Credit sales are common in modern business life and the Court of Appeal might have opened up Pandora’s Box if they had undermined the right to claim payment under similar contracts involving a credit sale. In addition, the bunker stem involved three sub-suppliers and in total four contracts, and the Court of Appeal was charged to decide a specific, preliminary issue pertaining to only one of the contracts involved.

A long way to go

It should be noted that that decision by the Court of Appeal is not the end of the Res Cogitans case. It was essentially only the “SOGA argument” that was on appeal. The case is expected to be referred back to the arbitration tribunal where the parties are at liberty to elaborate on other arguments, inviting the arbitrators to adopt a more holistic approach taking the practical consequences of the duplicate claims into consideration. In addition, the “SOGA argument” may be appealed to the Supreme Court.

Hence, there is long way to final determination of the Res Cogitans and the important points of principle involved. In the interim, owners and charterers are regretfully left to fight off duplicate claims in the best way they can using whatever remedies there are at hand, such as making deposits in courts and commencing interpleader action

The situation is very unsatisfactory since such remedies have proven to be very expensive and not providing full protection; the prospects to pursue claims vary in the world’s jurisdictions and a decision in one country may not be recognized in other countries.
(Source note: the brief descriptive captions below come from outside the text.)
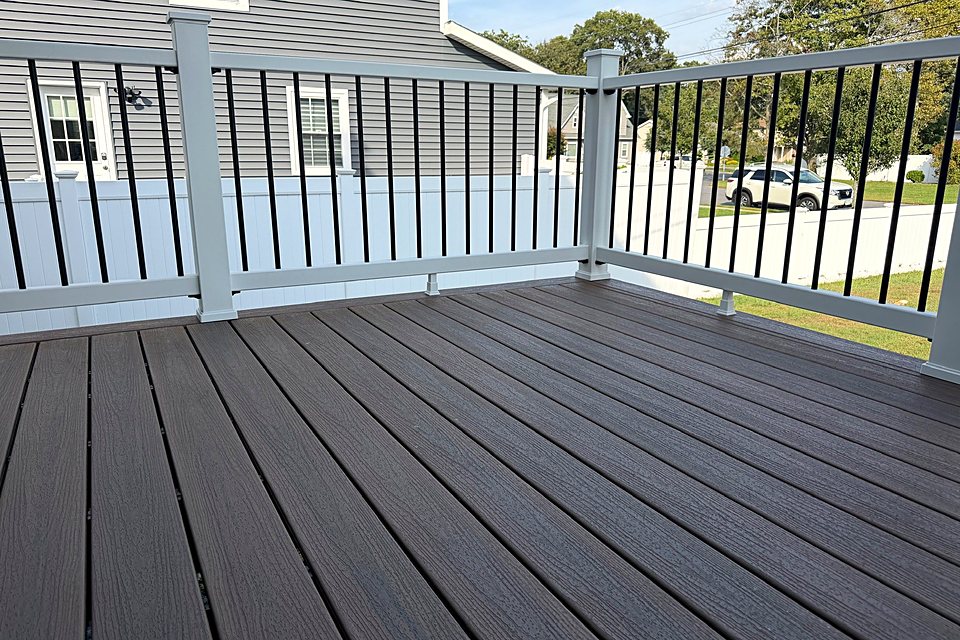 Composite porch deck with white posts and black balusters
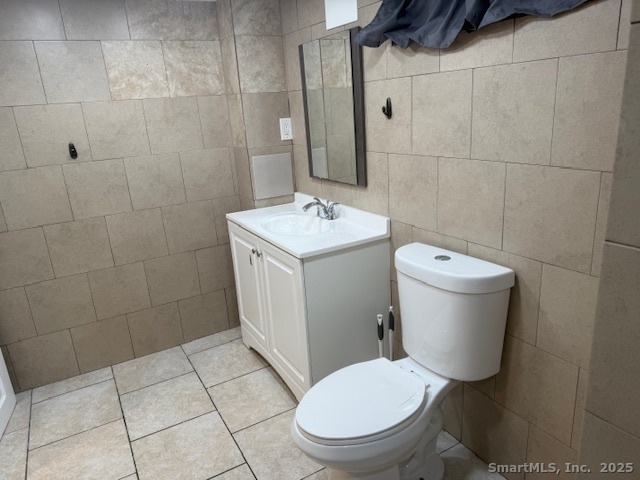 100 South Cliff Street Ansonia, CT 06401 - Photo 13 of 14 a white toilet sitting next to a bathroom sink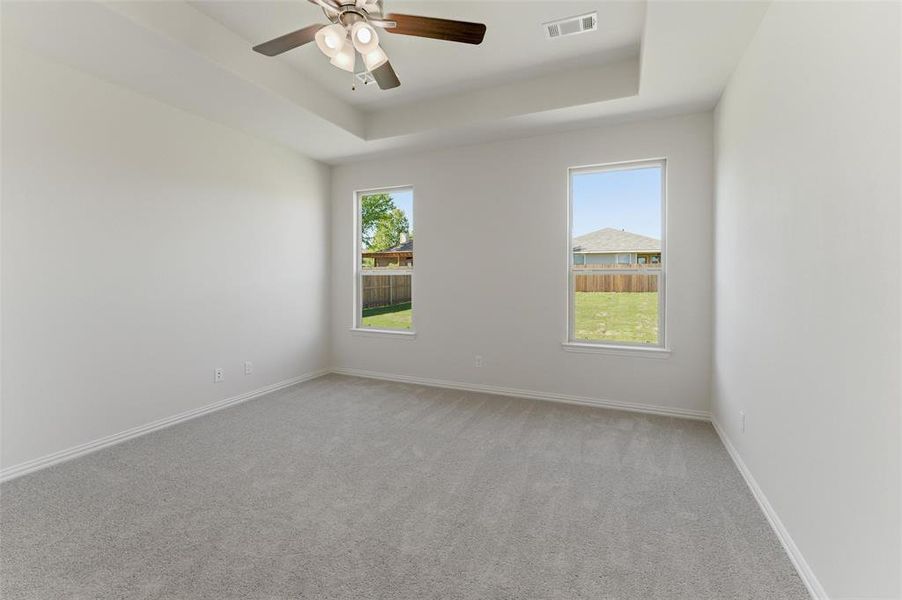 Empty room with light carpet, ceiling fan, and a raised ceiling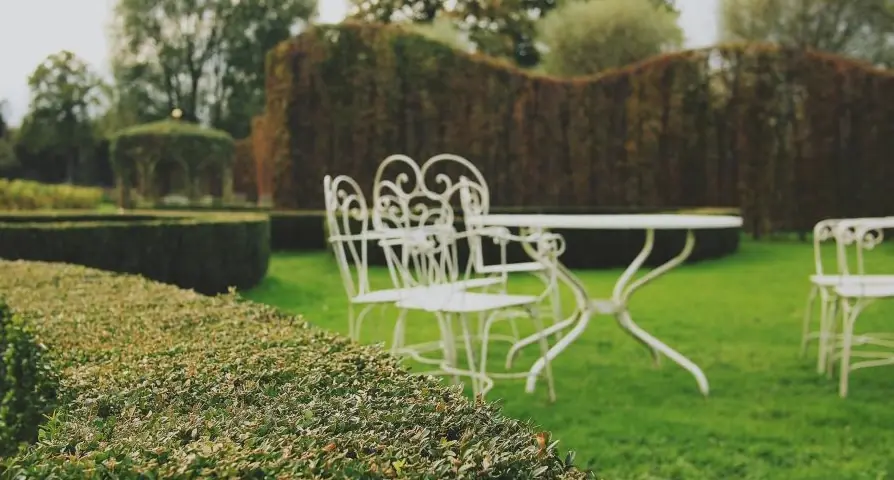 Gartenstühle auf einem Rasen, eingerahmt von geschnittenen Hecken
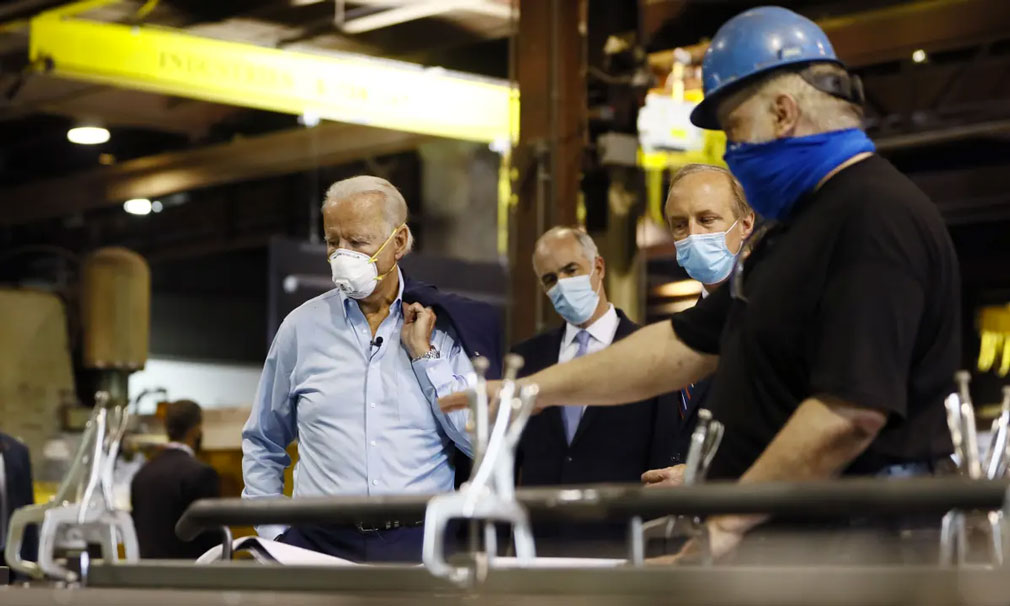 President Joe Biden touring a factory, he recently presented the new American Jobs Plan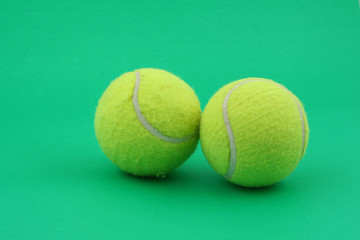 two tennis balls on green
In addition, facts and contract terms may materially differ, rendering a decision in one case inapplicable to other OW Bunker cases.  

The contractual chain

It is easy to solely blame OW Bunker and ING Bank for all the problems caused to owners and charterers receiving duplicate claims. However, from the perspective of the innocent owner or charterer, the problem actually manifests itself when a different party not being the contractual counterparty – the physical supplier – pursues a claim against the vessel despite the fact that the contractual supplier has been paid. 

Admittedly, the ancient right for a bunker supplier to have a lien in the vessel for unpaid bunkers may not sit very well with an arrangement involving an intermediary since, as the Court of Appeal has suggested, owners’ obligation to pay the intermediary is absolute. 

After all, the physical supplier has contracted with OW Bunker, and has agreed to receive payment form OW Bunker. If the contractual chain was to be honoured, which would seem reasonable, the physical supplier should submit a claim against OW Bunker’s bankrupt estate to the extent the bunkers are not paid. 

Be that as it may, the Res Cogitans decision – so far – illustrates that there is a fundamental risk for owners and charterers when purchasing bunkers through intermediaries.